The Blood Confession
- First edition
- Author: Alisa M. Libby
- Language: English
- Genre: Historical fantasy
- Publisher: Dutton
- Media type: Print (Hardcover)
- Pages: 389
- ISBN: 978-0-525-47732-7
- OCLC: 62322115
- LC Class: PZ7.L591177 Bl 2006
- Followed by: The King's Rose

= The Blood Confession =

2006 novel by Alisa M. Libby

The Blood Confession is a 2006 historical fiction novel written by Alisa M. Libby. The novel is a revisionist telling of the legend of Countess Elizabeth Báthory, with elements of the fairy tale Snow White.

==Plot==

The book follows the character of Countess Erzebet, a young noblewoman held prisoner while being charged with murder.
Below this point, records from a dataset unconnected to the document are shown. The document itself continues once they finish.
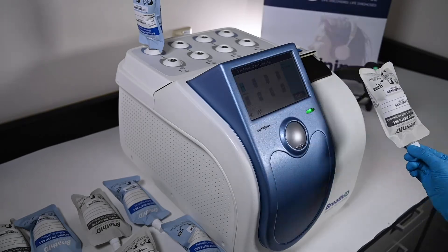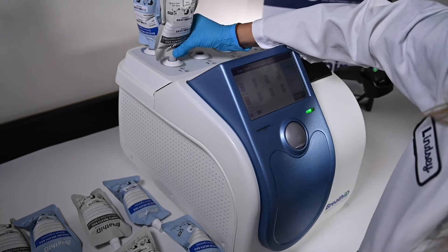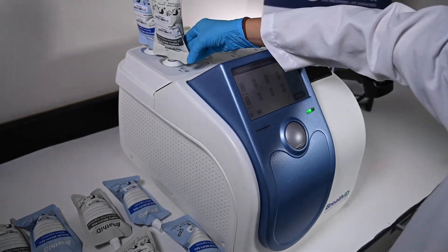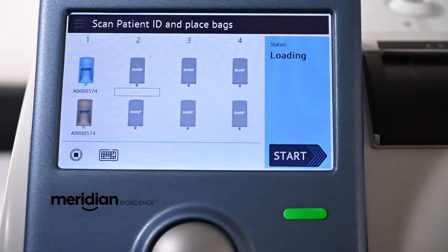Next, the user scans the gray post-ingestion breath bag and places it on the auto sampler at the gray port site. Both indicator lights will be illuminated green if the bags were inserted correctly, and an image of the bags will appear on the screen.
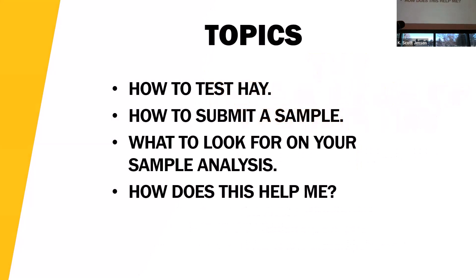So how to test the hay, how to submit a sample, and once you submit that sample, what exactly are you looking for? You're going to get that analysis back with multiple different numbers and letters on it — what does all that mean? The nutritional requirements of cattle differ depending on their production stage, and having a hay test done to know what is in your forage is going to be vital information to be an efficient operator.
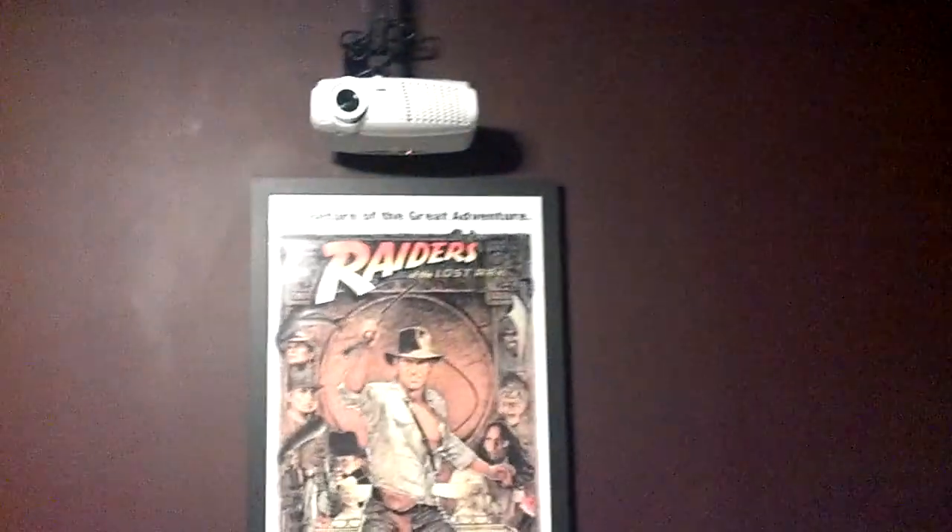It's 120 inch diagonal and it's an awesome picture. This particular projector was under $1,000, and at the time it was the only 1080p projector available under $1,000.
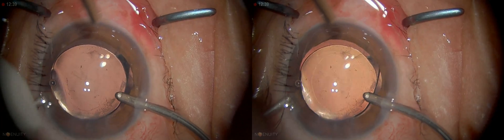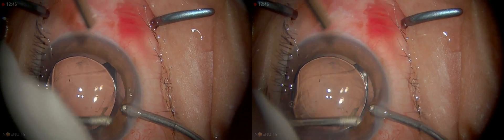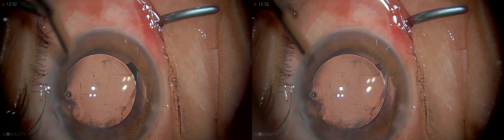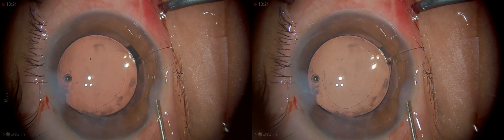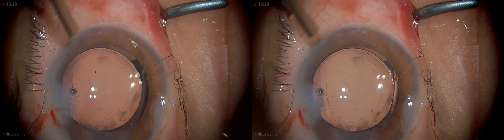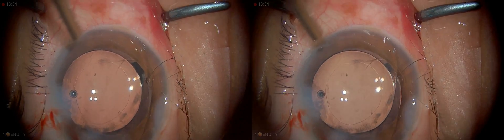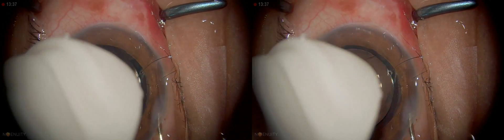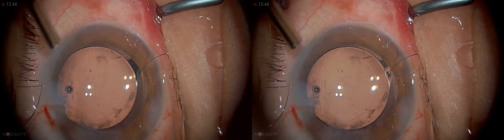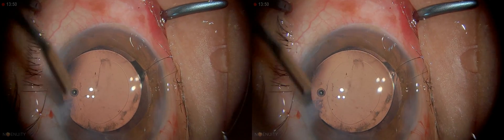Always go in with the infusion first and then take this out. We'll just clean up the subcapsular area a little bit — it's always nice to have a clean capsule. Visualization of the retina is better when the capsule is polished. It's always good to over-inflate it a little bit, but remember at the end you need to tap it so that the intraocular pressure is not high, because that causes two problems: it causes pain to the patient post-operatively as the block wears out, and it will also endanger the optic nerve. The last part is to give some intracameral Vigamox, which I always do — just a little bit is enough — and some on the cornea as well.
As the book unfolds, Erzebet tells her life's story, from her ill-omened birth to the crimes she is charged with.

==Reception==
The Blood Confession received a positive review from Strange Horizons, stating that while "first half of the book does wander... it is in its modern connotations that Libby's book really soars and disturbs". Kirkus Reviews praised "Libby’s combination of history, fairy tales and the Bible" but stated that it was "a conceptually interesting but sluggishly paced gothic horror". The Bulletin of the Center for Children's Books wrote that the book was "not for the faint of heart" and that "this first person narrative doesn’t leave out any of the gory details." The School Library Journal praised the book's characterizations while stating that the book's "depiction of Erzebet's descent into madness is overly lengthy".